Re: [Bug debuginfod/27983] ignore duplicate urls

2021-07-20 Thread Mark Wielaard
Hi Noah,

On Mon, Jul 19, 2021 at 09:31:17AM -0400, Noah Sanci wrote:
> On Wed, Jul 14, 2021 at 12:36 PM Mark Wielaard  wrote:
> > You deduplicate the full URLs after they are fully constructed.  Would
> > it make sense to do the deduplication on server_url, maybe even as
> > part of the Count number of URLs code? That might make the code
> > simpler. And you can change num_urls upfront.
> Deduplication before fully building the URL would work well, however I
> was concerned about the slashbuildid situation. I would need to alter
> all urls to either have a trailing '/' or no trailing '/' to ensure
> comparison between 'http://127.0.0.1:8000/' and 'http://127.0.0.1:8000'
> is considered equal. This is possible, but I ultimately decided to
> wait until full construction as those issues would have been handled.
> I would be glad to make the change if you want.

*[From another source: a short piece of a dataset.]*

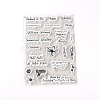 TPR Word Pattern Clear Stamps DIY-SZC0003-24-1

I see what you mean, we have:

  /* Build handle url. Tolerate both  http://foo:999  and
 http://foo:999/  forms */
  char *slashbuildid;
  if (strlen(server_url) > 1 && server_url[strlen(server_url)-1] == '/')
slashbuildid = "buildid";
  else
slashbuildid = "/buildid";

I think the code could become simpler if we did the deduplication of
the server_url list up-front. That also gives you the oppertunity to
make sure all server_urls end with a slash. But if you think that is
too much work for this patch we can do it as a followup patch. You
already included a test, which makes checking such a refactoring
easier (sadly the run-debuginfod-find.sh test is somewhat fragile).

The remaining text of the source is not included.